Clay Calvert, a professor emeritus at the University of Florida’s Levin College of Law and an expert on 1st Amendment rights, told The 19th that the school was likely within its rights to censor the performance. The 1988 Supreme Court decision in Hazelwood School District v. Kuhlmeir ruled that schools can censor school-sponsored speech or speech that is a part of the curriculum as long as the reasons for doing so are “reasonably related to legitimate pedagogical concerns.”
Calvert notes that the ruling sets a standard that is intentionally very deferential to schools. What this did, Calvert explained, is create a standard that said upfront that if a school finds content “unsuitable for immature audiences, that would be a legitimate reason for censoring it.”
Calvert described the effect of “Don’t Say Gay” on Florida classrooms as indirect, and related to the overall environment that brought on the legislation rather than anything written in the law, which, as written, is rather narrow in its scope; the law technically only to classroom instruction in kindergarten through 3rd grades. Despite this, Calvert said that “probably, educators in Florida at all levels do fear reprisal for speech that might touch on certain LGBTQ issues today.”
“There’s no small amount of irony that a play that stems from an incident a century ago is still being censored today in a public school context,” Calvert said. “Public school administrators and teachers at all levels are no doubt aware of the rather conservative environment that we have in Florida. It really gets at the more macro level question of who gets to control what really takes place in public schools.”
For students like Scotti, that question feels disheartening at best and scary at worst.

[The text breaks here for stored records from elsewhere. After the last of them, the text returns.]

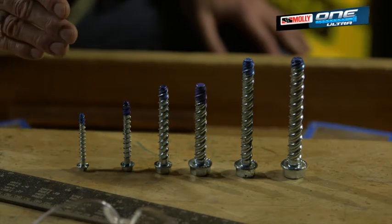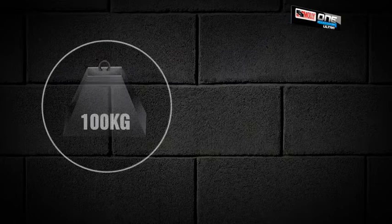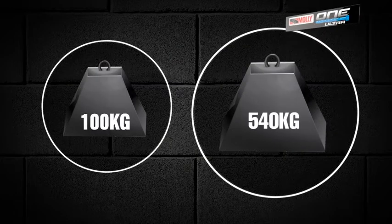They come in different diameters starting from 5 millimetres to 12 millimetres, and they can support 100 kilograms on the 5 millimetres up to 540 kilograms on the 12 millimetres.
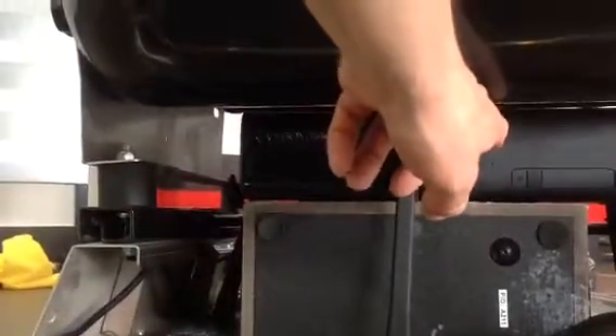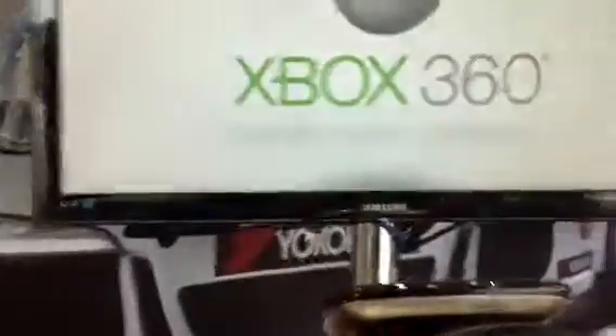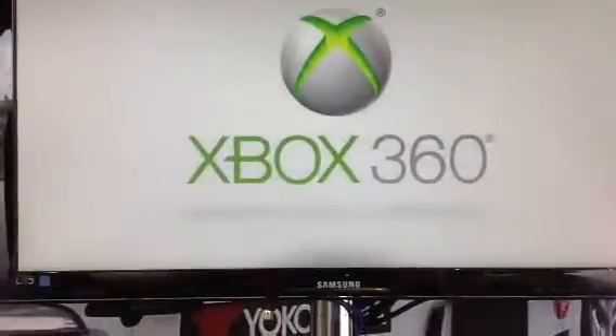Just push the Xbox button to start the Xbox, and push the yellow button on the power. Turn the television on, and the Xbox will start up.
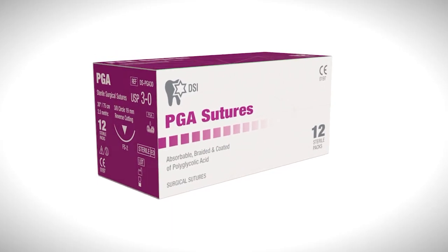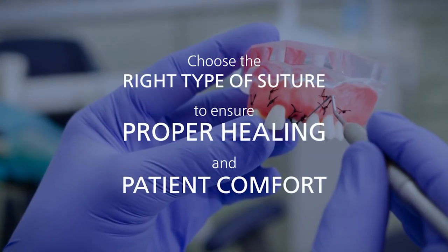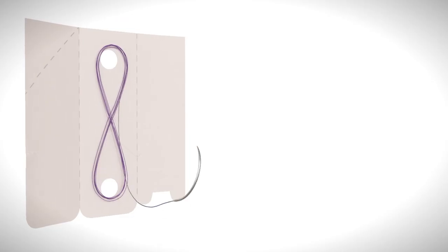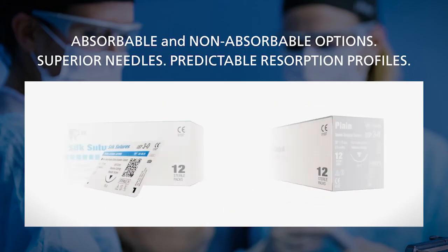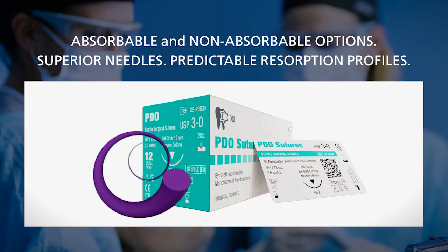In conclusion, choosing the right type of suture is crucial in ensuring proper healing and patient comfort in dental surgical procedures. DSI offers a wide range of sutures designed to meet the specific needs of dental surgery, including absorbable and non-absorbable options with superior needles and predictable resorption profiles.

“There’s a line in the show that says, ‘It won’t reach us here. It can’t happen here.’ They’re referring to the Holocaust from the perspective of being in America. That’s almost how we felt that day when we heard this news,” Scotti said. “We never thought it would ever reach us because we thrive in such a beautiful community filled with queer people and trans people [at Douglas Anderson]. So to have that reality shock was heartbreaking.”
Brandon Wolf, the press secretary of Equality Florida — a political advocacy group that advocates for civil rights and protections for LGBTQ+ people in Florida — told The 19th he saw a clear connection between the play’s cancellation and the Florida education law.
“We warned from the beginning that school districts, when faced with the prospects of an angry parent and a lawsuit they can’t afford to fight, would be forced between a rock and a hard place and take the path of trying to interpret the law in a way that protects them from legal liability,” he said.
He said Don’t Say Gay has had ripple effects throughout Florida: a wave of bans on books with LGBTQ+ characters, the peeling off of rainbow and “safe space” stickers from classroom windows, teachers taking off lanyards that say “ally.”
Scotti wishes they were able to stage “Indecent” so more people could see in it what has resonated so deeply about the work with her — so much so, that they wrote their college essays about it. “There is so much purity in this show, so much purity to combat the awful rhetoric towards us that says we are dirty or that we are perverting the minds of children — which is crazy, because we are children.”
Scotti described Douglas Anderson as “a community” and as “a bubble” that had previously felt immune to the larger political forces sweeping the state of Florida right now. It’s why she has felt so compelled to speak out publicly and rally attention for the situation at their school right now, and they hope that what’s happening at Douglas Anderson will inspire more young people to talk about how recent legislation has touched them.
“I am so tired of seeing the people I love hate themselves because of the environment that envelops us,” they said. “I was just tired of seeing so many good people get hurt because of the hatefulness that is in the air. It’s hard to fight against these people who have the power. I’m still in school. I can’t do much as a young person. I can only speak, and so that’s what I’ve been trying to do — to speak, and to organize and to rally people together, and then let the adults handle all of the legal stuff.”